Hey Folks,
I’m considering 2004 Avalon XLS, 185,000 miles, good ride mechanically, know the original owner, exterior cosmetic damage on bumpers but rides very well. Looking for a fair value. I know the seller personally, want to give them an honest offer. Any suggestions?
No one on the web can answer that . Location by markets make a difference . You can use things like Kelley Blue Book web sites and get an idea of value .
Actually the fair price will be if the price you will pay matches the price they will accept.
A good way to ruin a friendship is to buy / sell a car to them. If you do want to continue pay a mechanic to check the car over to avoid any $$ surprises
KBB is just too much of a range. I’m in NYC. Just looking for ball park figures anyway
I hear ya but I’m ready to accept that. Agree regarding mechanic consult.
Then look at the online selling sites for your area . Also find a site that asks for your Zip Code . Any 16 year old vehicle will have a broad range of prices .
…that’s a good thing to know regarding range. Thanks
$4,000 is about what sellers of similar cars are asking around here. Right at the upper end of KBB and Nada’s range.
What’s important isn’t what people are asking. What’s important is what they’re actually getting. I see people asking absurd prices for nearly used-up cars and trucks all the time. Also, I sometimes see people post a car for sale at a super-generous price because they want the car gone so they can stop paying insurance for it, or simply have nowhere to park it.
The point that I am making is that using Craigslist ads as a method of valuing a car for sale could lead to a very incorrect assessment of what the car is worth. A pricing guide such as KBB will give a reasonable range based on the equipment level, mileage, and condition of the car you’re looking at.
I was working off what Autotempest pulled up from Cars.com and the other sites within the Seattle/Tacoma market for these cars. Don’t know what these are actually going for though.
The range is listed because used cars sellers have different expectations for price and the urgency of the sale. Also, the listed condition may not be the real condition. Brakes and tire are often ignored when the owner assesses the condition, and replacing brake pads and tires is a big part of the sales price on an older car.
If I’m looking at used car prices, I value the car in near perfect condition given it’s age (near perfect body and paint, no replacement parts needed), then start subtracting for any work needed.

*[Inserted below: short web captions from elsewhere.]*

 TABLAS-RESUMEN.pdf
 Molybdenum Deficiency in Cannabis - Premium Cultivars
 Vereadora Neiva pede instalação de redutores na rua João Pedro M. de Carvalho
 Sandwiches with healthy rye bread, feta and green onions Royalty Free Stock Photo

If it needs new tires, knock off about $600, new brakes all around maybe $500. You have time to check this car out since a friend owns it. Get it checked by a mechanic you trust, including cost to fix anything it needs. Since this is a friend, you might share how you came to the offer you make.

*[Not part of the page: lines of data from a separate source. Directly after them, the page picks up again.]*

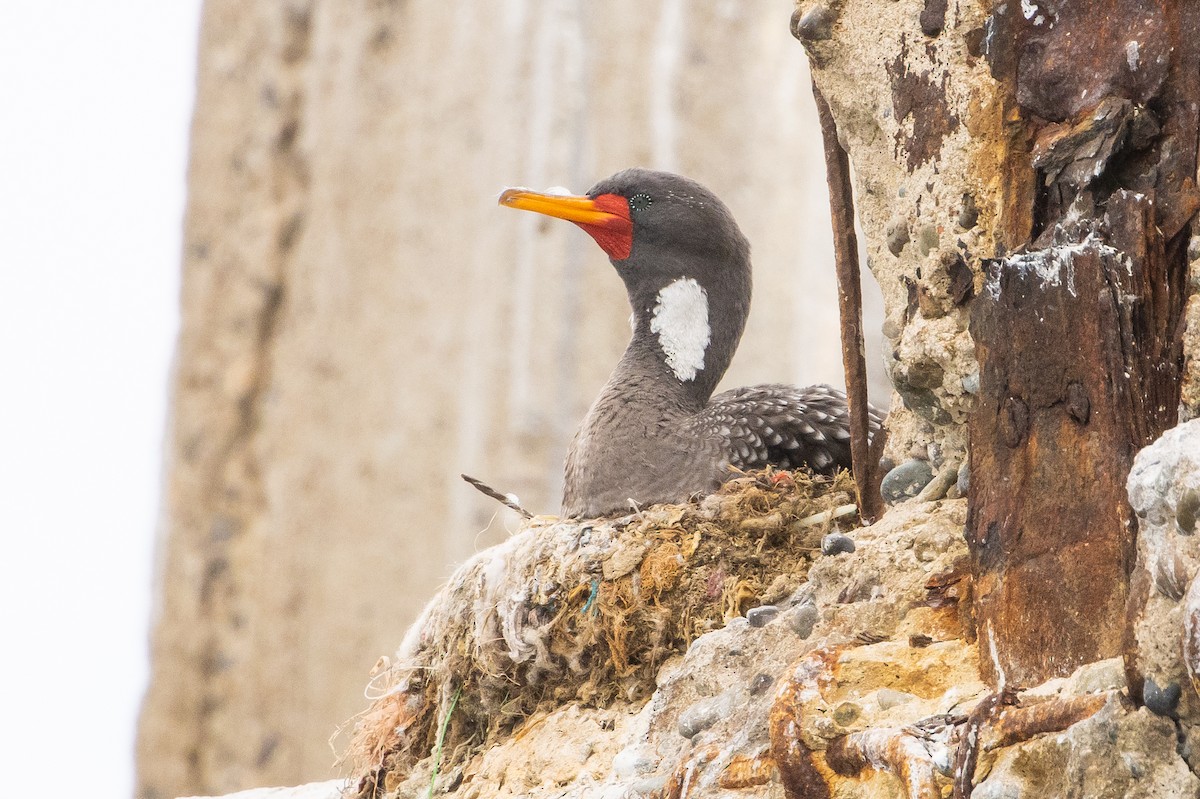 Red-legged Cormorant - ML626320074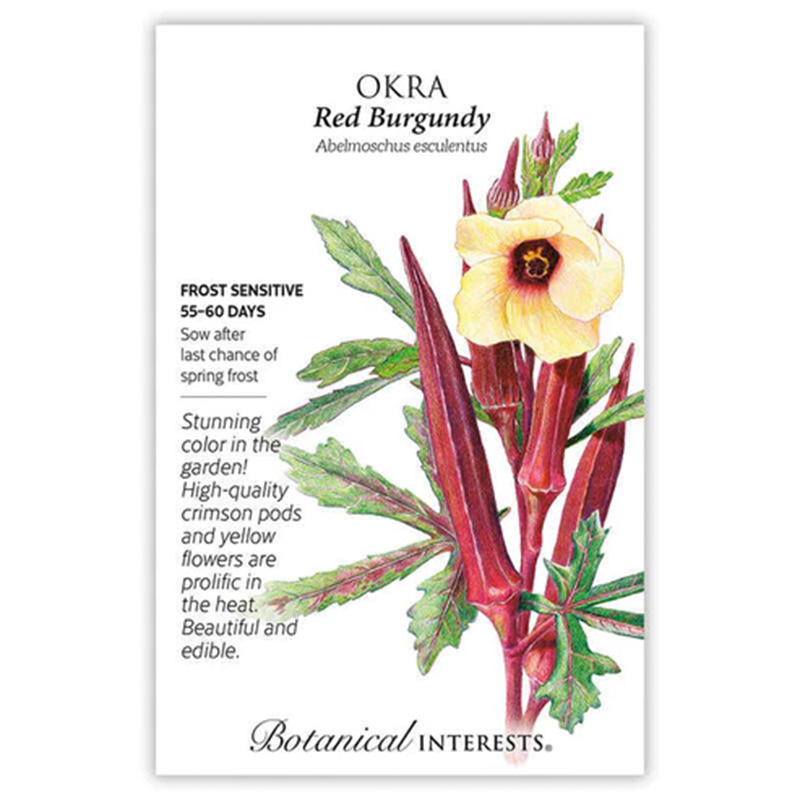 OKRA RED BURGUNDY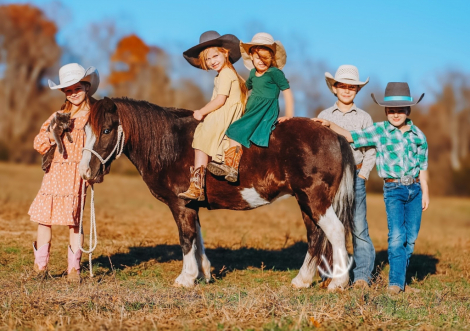 HorseID: 2247456 Hotshot - PhotoID: 1042249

My sis just sold her Avalon. She didn’t know I was interested.
According to NADA (for my area), Trade in value on a car in “average” condition is about $1900. Private party value would be a bit higher, probably around $2400.
My method of determining value is to find out what the value of car in very good condition would be. Then start deducting based on how much it would cost me to repair whatever flaws I deem important enough to fix, then base my offer on that, being as transparent to the seller as possible. This applies to both private party and dealer sales.
like that methodology
likewise here. Thanks
question regarding your logic based on trade-in value… The $2400 is based on observations in your area or would you say a ~25% over average trade-in is a good ball park figure to start determining private party value?

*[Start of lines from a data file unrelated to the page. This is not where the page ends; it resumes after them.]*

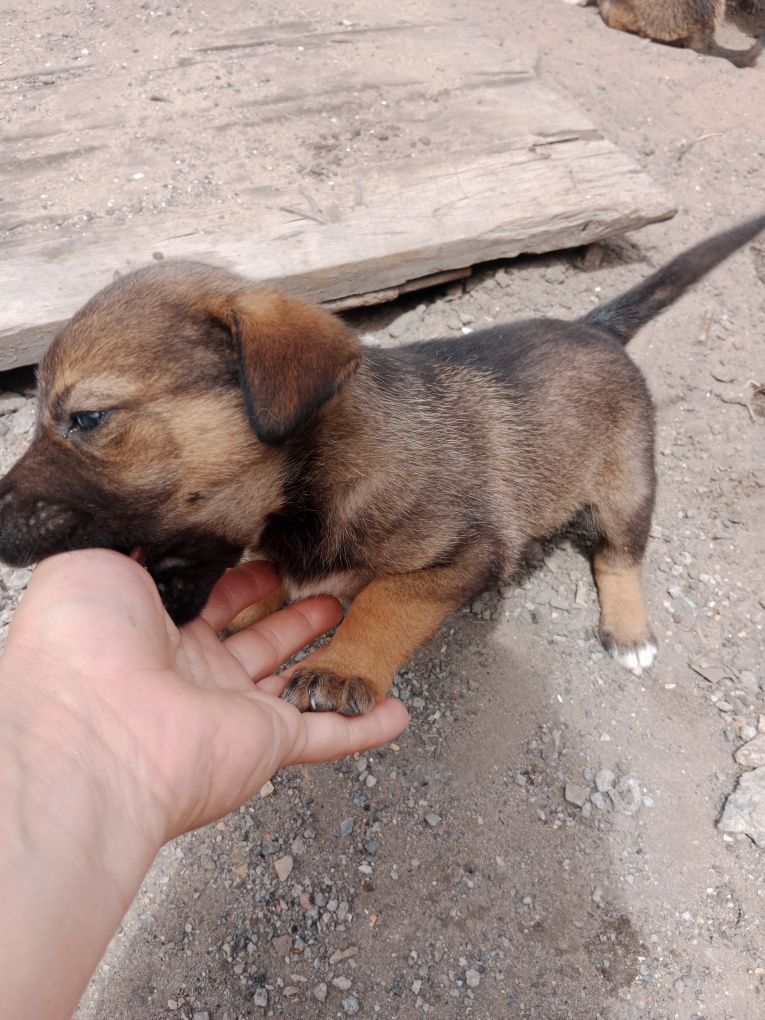 Щенки полукровки
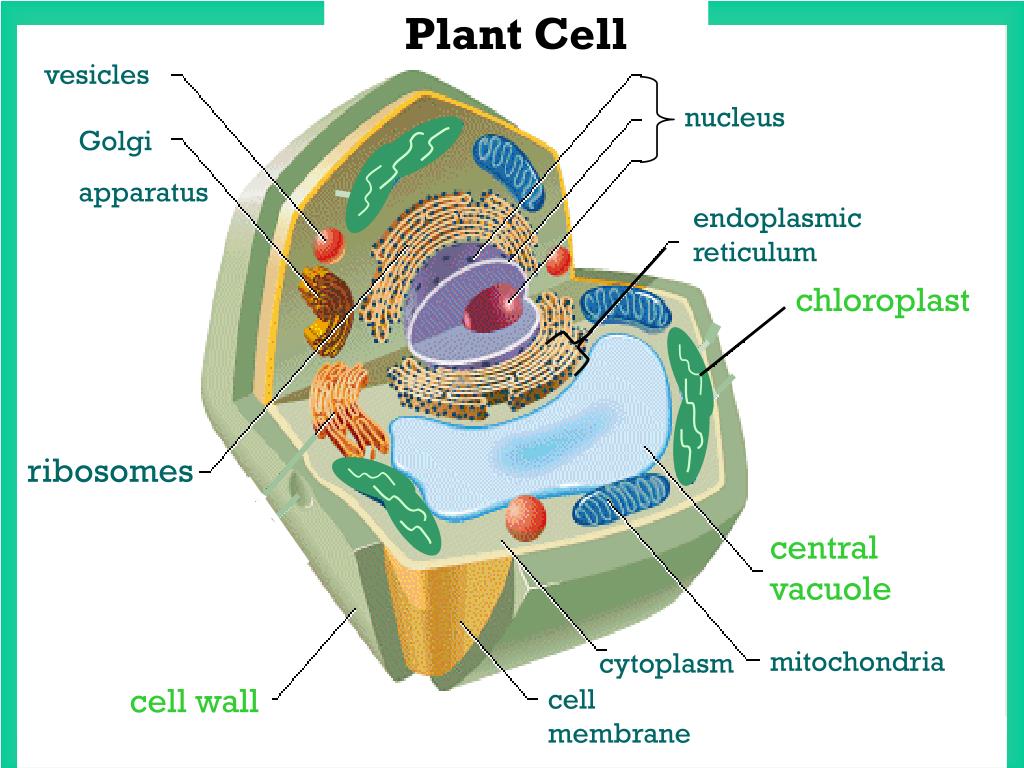 Полость в цитоплазме клетки 7 букв. Клетка Plant Cell. Микротельца строение. Микротельца клетки растения. Мембрана пероксисом.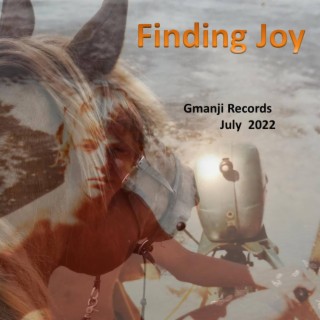 Finding Joy lyrics | Boomplay Music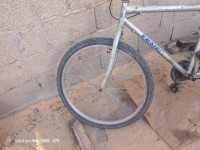 velos-velo-26-el-kseur-bejaia-algerie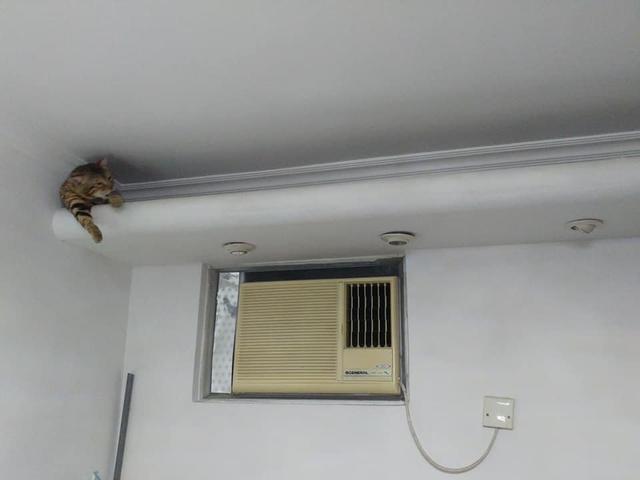 2338510a4ee9427c9182f8055910a517.jpeg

The $2400 figure was based on what the car in “clean” or very good condition ( everything works, less than typical wear for age/mileage, no repairs needed) would be for trade in value. I figured for a private party sale, you expect more than trade in value, but less than retail. $2400 would be a fair price for a private party sale of a 2004 Avalon XLS with 185k miles with some cosmetic damage, (it’s also assuming working A/C, power accessories, etc.) in my arear. If you live in NYC, you might want to consider going up to $3k, after the car gets a clean bill of health from an independent mechanic of your choice.
I would offer 2500 and go as high as 3000
Having been in similar situation. I think the seller has to put a price on the car. I ask them how they want to sell it, trade in, craigslist, etc and then have it valued they way they like. Maybe they think their car is worth much more than what you think it is worth. You offer $2500, they sell it to you and then they resent you for that. When they give you the price, have the car checked and then either buy it or move on. These are always tricky transactions.
There are several on-line sources …Cars.com…Edmonds.com…KBB.com…Autotrader.com…just to name a few.